L'ensemble de la configuration de LAAP a besoin d'être unifiée, ou pour le moins normalisée. Ceci passe par mettre au même endroit les fichiers de configuration que l'utilisateur est amené à toucher, créer une interface d'administration dans LAAP.

D'autre part, la configuration nécessite la création d'une API pour tout ce qui touche à la configuration Liberty Alliance. Cette API doit permettre de générer et modifier les méta-données, ajouter ou supprimer des cercle de confiance, gérer les politiques de sécurités, etc.

Tests unitaires

De très nombreux test unitaires sont manquants. Avant de poursuivre les développement, il faudrait les compléter afin de vérifier les problèmes de bugs sur l'existant et de régressions futures. Tiers « business-logic » Aujourd'hui, la partie métier et la logique associée est très simple du fait du peu de cas d'utilisation implémentés. Ceci ne sera plus vrai lorsque plus de fonctionnalités seront implémentées. Ce tiers est donc à revoir, en particulier au niveau de la gestion de la concurrence, de la robustesse des données.

Struts 2

Struts 2 est sortie en version finale avec sa version 2.0.6. Or, une grande partie du code qui utilise Struts 2 l'a été alors qu'il n'était disponible qu'en version 2.0.0 (béta). Il faudrait reprendre le code produit et le modifier pour tirer partie des (grosses) évolutions que Struts 2 a subit, comme l'utilisation de l'intercepteur « preload », de « 0 config », la validation des champs via les annotations, etc.
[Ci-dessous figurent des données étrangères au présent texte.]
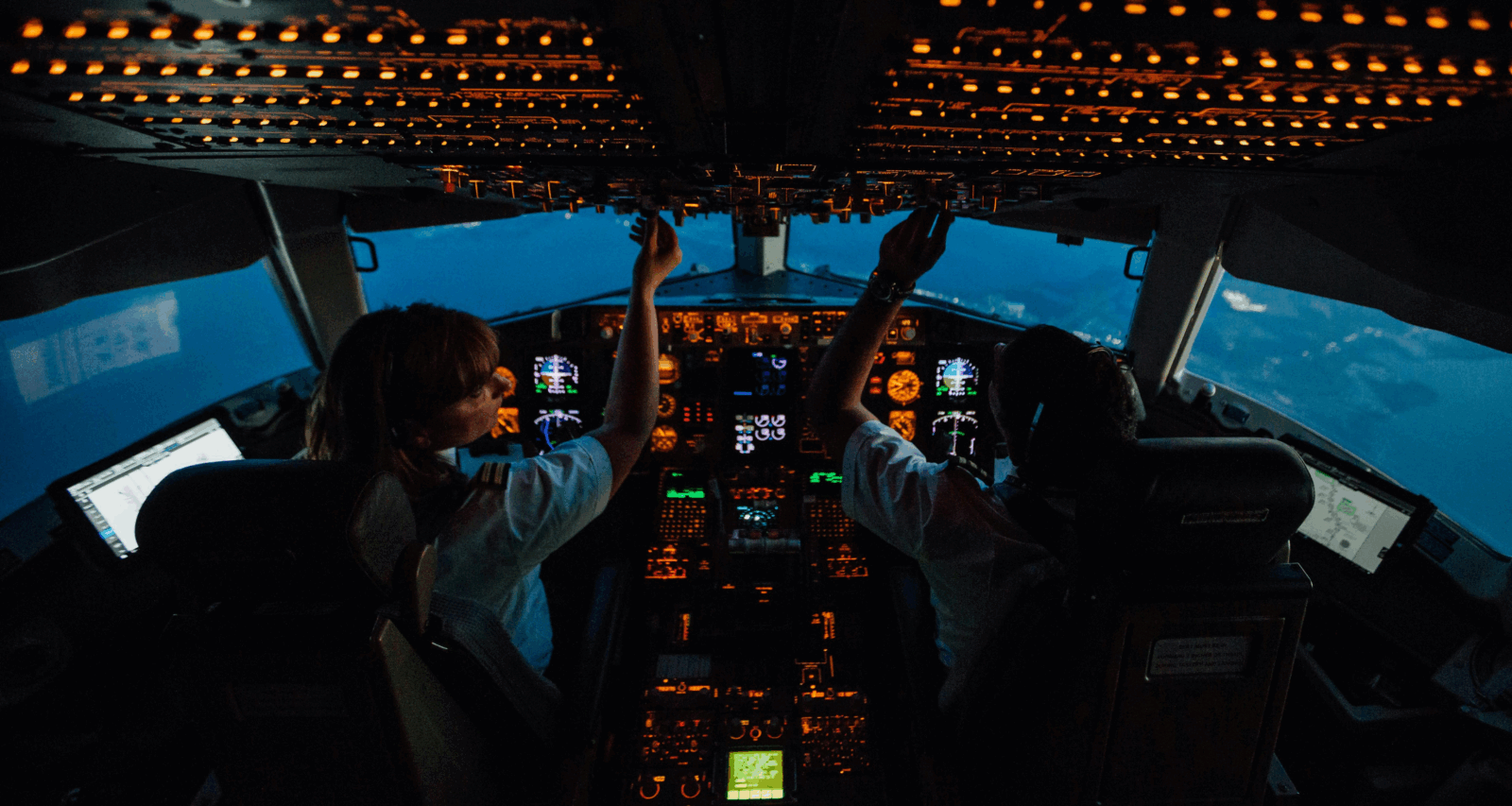 India's female pilots: two female pilots in the cockpit by Freddie via Unsplash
Gestion des Web Services et rôles des servlets

L'application LAAP a deux grand type d'interlocuteurs avec qui il communique par le web : les utilisateurs, via les pages HTML ; les autres applications, par SOAP et par re-direction, GET et POST.
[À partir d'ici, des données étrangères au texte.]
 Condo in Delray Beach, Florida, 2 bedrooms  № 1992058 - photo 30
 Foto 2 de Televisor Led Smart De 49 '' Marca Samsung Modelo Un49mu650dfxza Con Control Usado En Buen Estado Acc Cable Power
Dans le premier cas, l'interaction passe par Struts 2. Dans le deuxième cas, tout n'est pas très clair : les web services sont gérés par Spring-WS, mais sans passer par les intercepteurs de Struts 2, alors que pour les redirection et accès par GET et POST, Struts 2 intervient… Et qu'en est-il des mécanismes de sécurité ?
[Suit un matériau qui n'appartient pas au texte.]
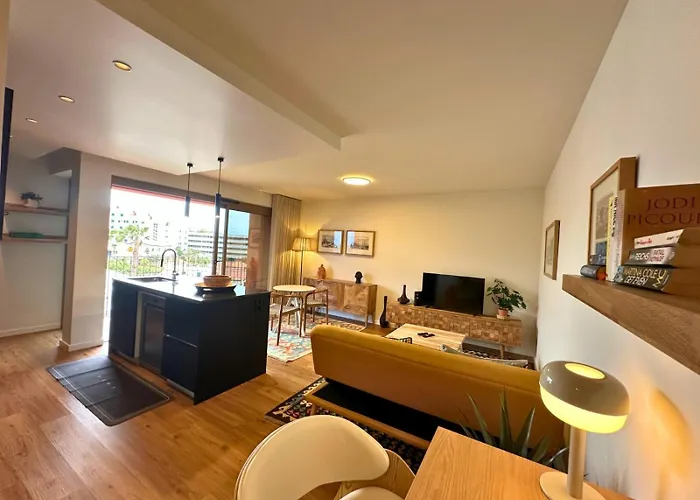 Colours By Madeira דירה פונשל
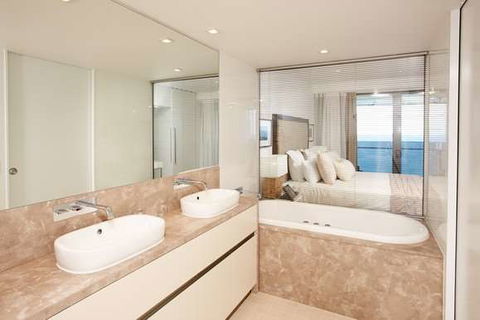 Peppers Soul Surfers Paradise - Darwin Holiday 2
Bref, un grand nettoyage est à faire. Il peut être intéressant d'utiliser Struts 2 partout en adaptant les sections en fonction des besoins (ceci semble pertinent, Xworks n'est pas fait que pour gérer des interfaces Web graphiques). Dans ce cas, il faudrait normaliser les interactions entre Struts 2 et Spring-WS.

D'autre part, un refactoring sur les échanges SOAP ne faisant pas partie des Web-Services ID-SIS-PP s'impose en utilisant Spring-WS.

DAO

Pour l'instant, une seule implémentation de back-end à la DAO est disponible et il est très limite : en effet, les objets sont directement stockés en mémoire, avec les limitations que cela implique (pas de vraie persistance des informations, problème de montée en charge, etc). Il faudrait réaliser un back-end SQL standard, avec (par exemple) Hibernate ou Ibatis, et une base SQL.